Ethan Zuckerman has a great post up on Visualizing Social Networks via Excel, and shares some interesting behavioral patterns for Usenet technical support via Microsoft Research.
The findings identified some key behavioral patterns in participants:
Rather than analyzing the content of these newsgroups (hard to do, as they’re huge), Smith and his team looked at structures. They did a great deal of network mapping, graphing the posts and responses, and seeing the structures that emerge. At least three types have emerged:
- Answer people – these people almost never post new threads, but answer the queries of a large number of unconnected people. In network terms, they’ve got high out-degree and low in-degree. These folks are utterly essential in the functioning of technical newsgroups, as they’re the folks that newbies end up getting support from
- Reply magnets – some people have a gift (or a technique) for posting in a way that gets responses. Reply magnets are the opposite of answer people – they post infrequently and everyone answers. Smith sees roughly 0.5% of these people in newsgroups, but their posts get 30% of the responses from roughly 30% of all users. Basically, these folks are specialists in setting the agenda, which has interesting implications for political discussions in newsgroups, as these folks are capable of nominating agenda topics with much more success that the average user.

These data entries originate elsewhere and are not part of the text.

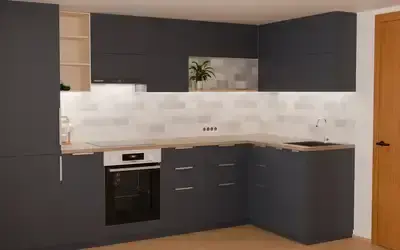 Кухня «Мирен» 3,6 × 1,6 м в цвете тёмно-голубой / Sky Blue 3091 ракурс 2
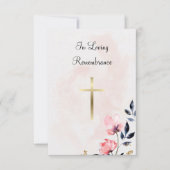 Delikate Wasserfarben Blume Katholische Beerdigung Dankeskarte (Vorderseite)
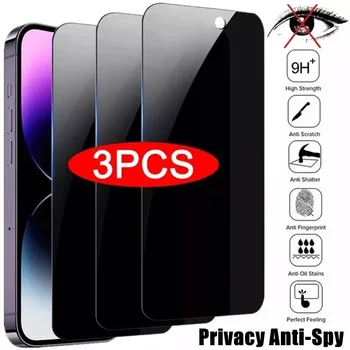 3Pcs анти-шпионско стъкло за iPhone 14 15 Pro Max Защита на екрана за поверителност за iPhone 13 12 11 Pro XS Max XR 14 Plus закалено стъкло
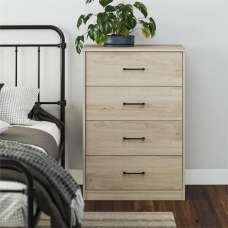 Barrie Wooden Chest Of 4 Drawers In Light Oak - UK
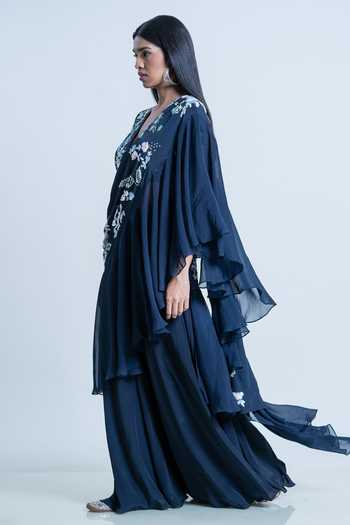 Shop_Nautanky_Blue Blouse Silk, Dupatta Crepe + Organza, Sharara Hand Embroidered And Set _Online_at_Aza_Fashions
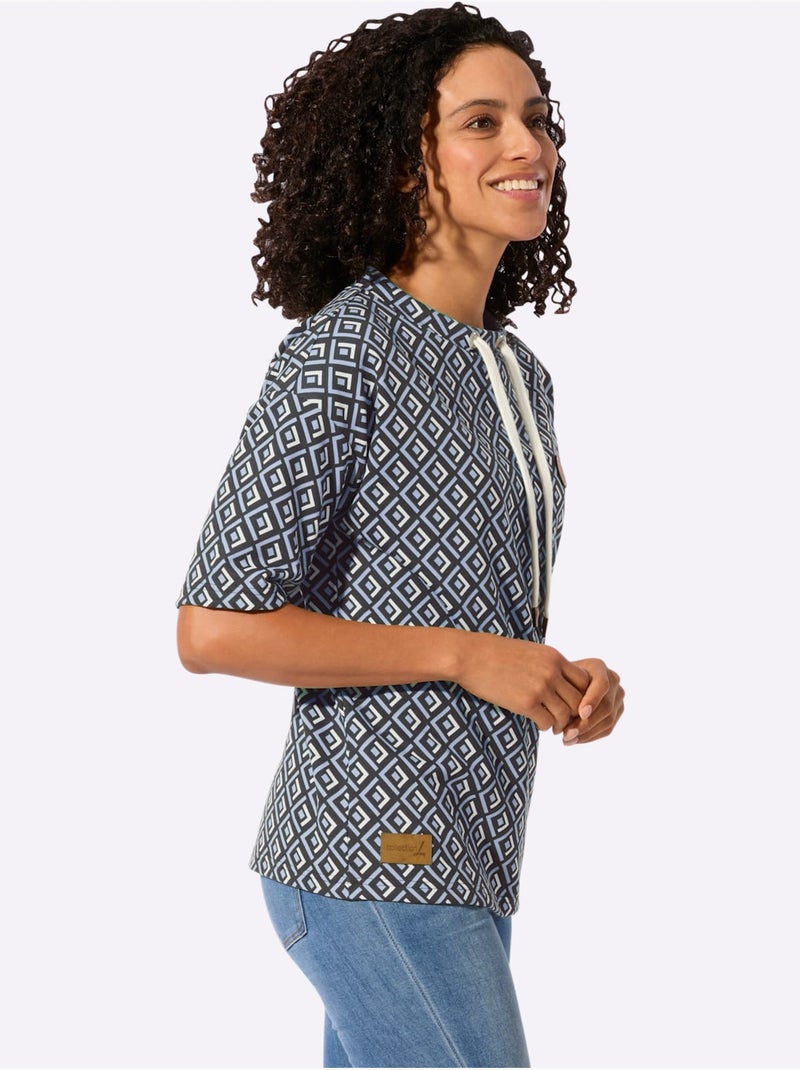 Sweatshirt 50% Coton - Taille Standard - Witt Bleu Noir - Kiabi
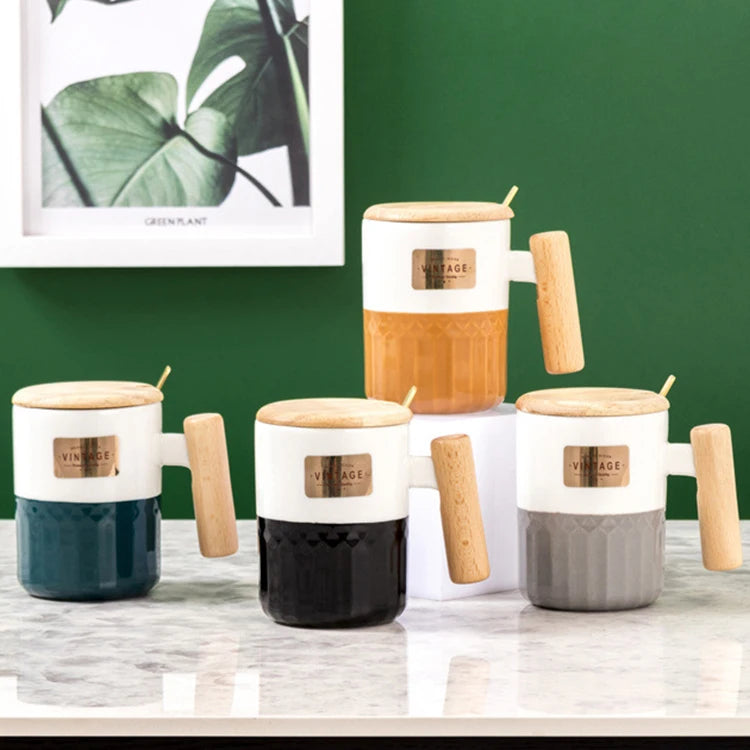 Wholesales Custom Nordic Ceramic Wooden Handle and Lid  Coffee Mug Couple Cup Office Tea Cup with logo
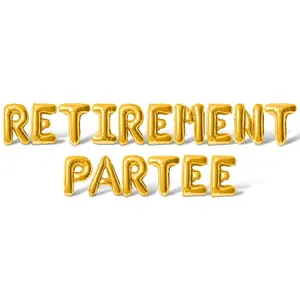 Letter Balloons - RETIREMENT PARTEE 16" Inch Alphabet Letters Foil Mylar Balloon Retirement Party Banner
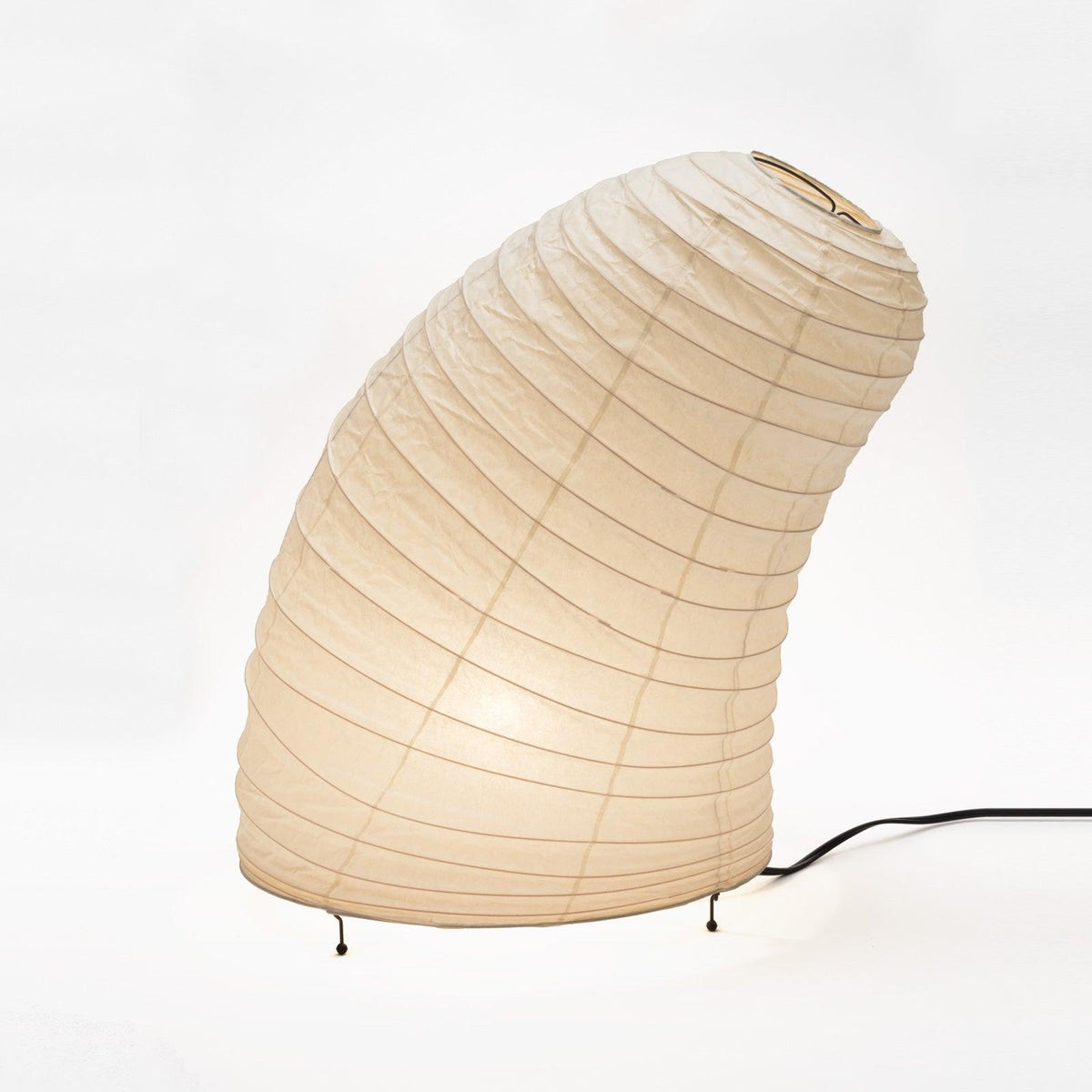 Japandi White Paper Table Lamp – Lantern Shade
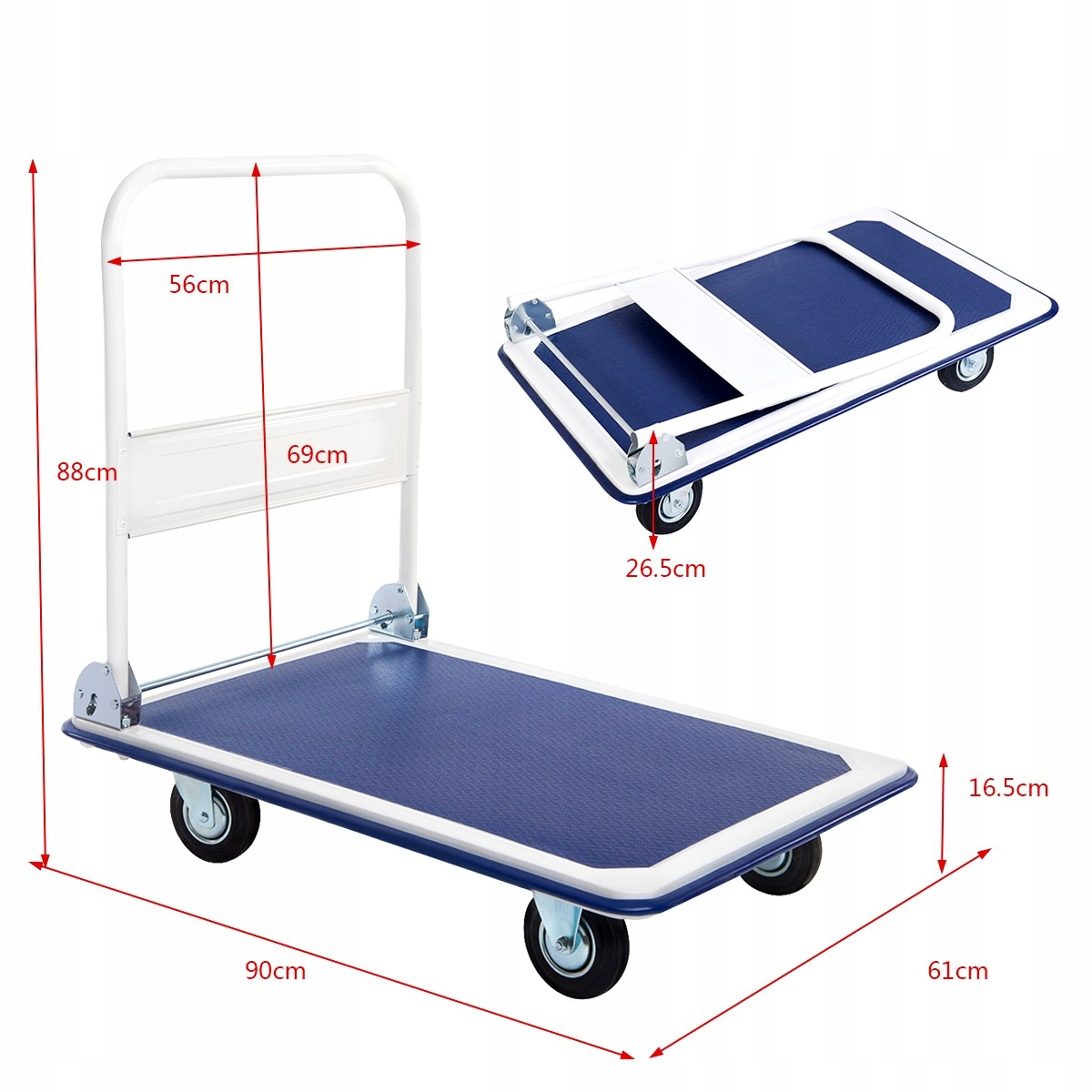 WÓZEK PLATFORMOWY MAGAZYNOWY TRANSPORTOWY 300KG Marka Costway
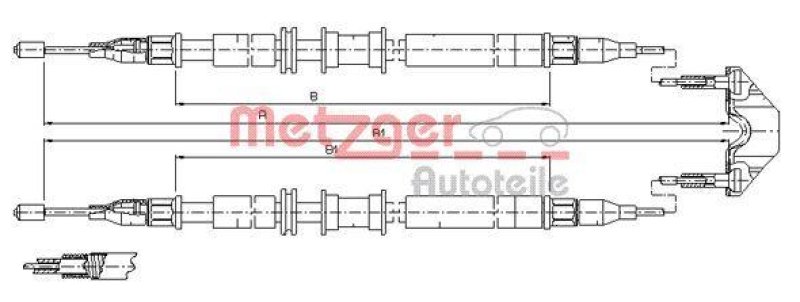 METZGER 11.5791 Seilzug, Feststellbremse für OPEL hinten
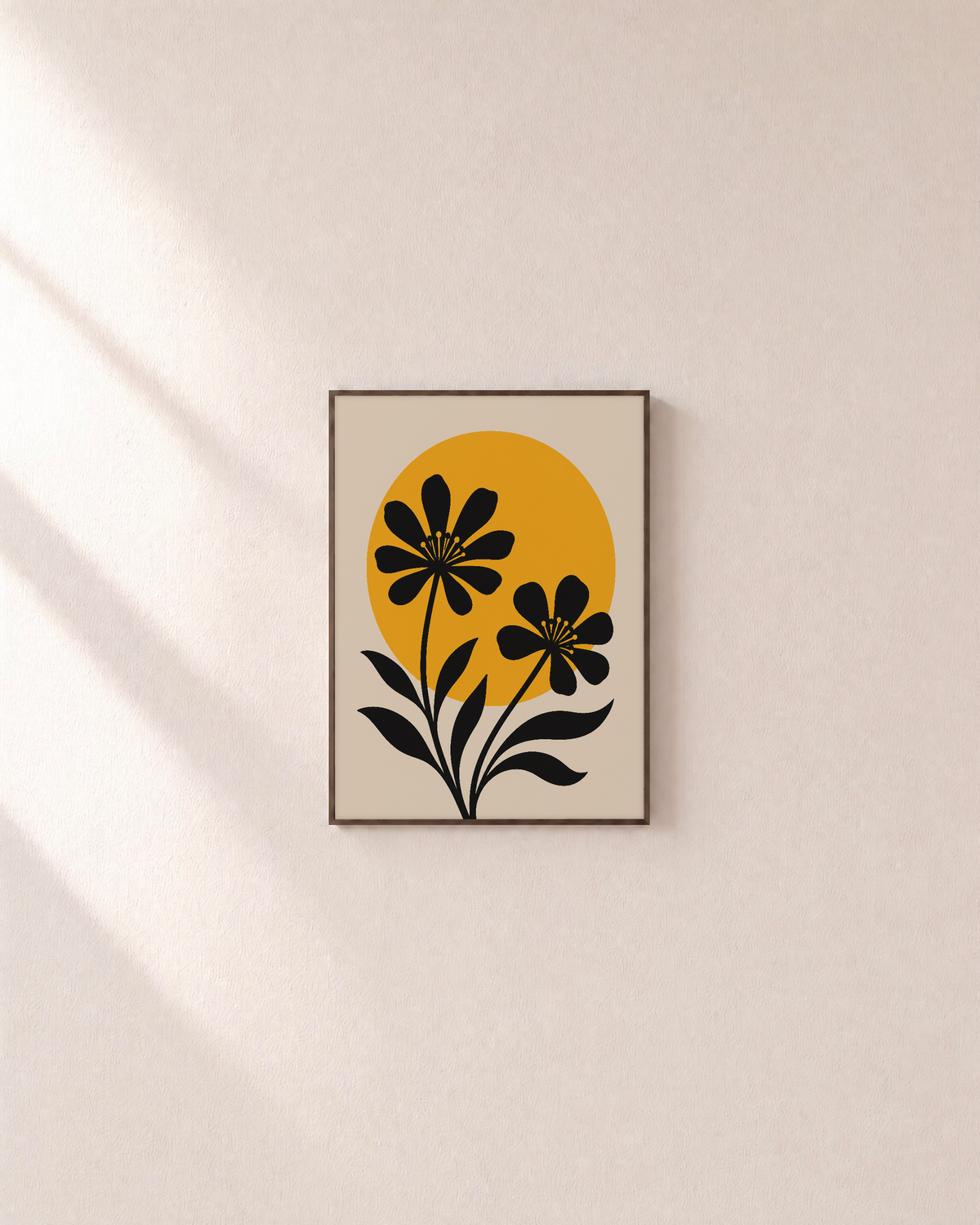 Noon Blooms black bloom silhouette wall art: unframed print is shown framed for styling on a plain wall; frame not included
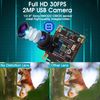 ELP 1080P USB Camera Module with 100 Degree No Distortion Lens,2MP Tiny USB Camera with IMX323 Sensor UVC Video Webcam with Microphone,Compatible with Windows,Linux,Mac OS and Raspberry Pi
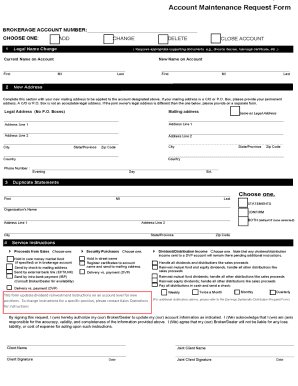 Brokerage Account Maintenance Request Form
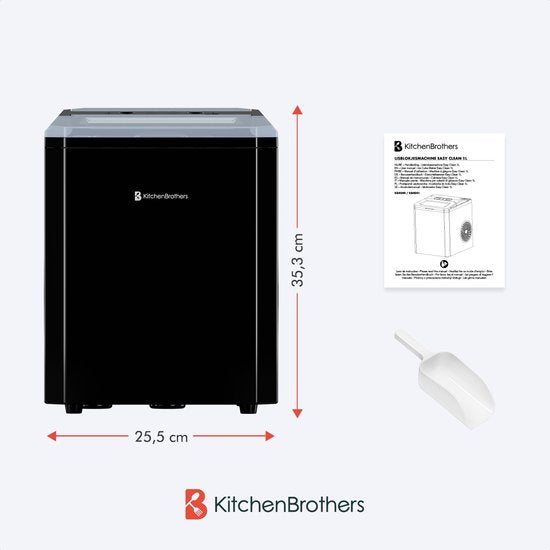 KitchenBrothers IJsblokjesmachine - 1L - IJsblokmaker met IJsschep - Easy Clean - 9 Blokjes in 8 min. - Zwart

- Discussion people both post and answer a lot, and have long, sustained connections with lots of people. They’re the classic discussion group user, but they’re less common that we tend to assume.
This echos what I’m seeing in the community behavioral analysis I’ve been performing; while there is some movement between behavior types, it’s typically incident based. Once the incident that prompted the change in behavior ends, so does the change in behavior.
Oh and the title? Well, as you might have guessed, I fall into the answer type, so feel free to ask away in comments!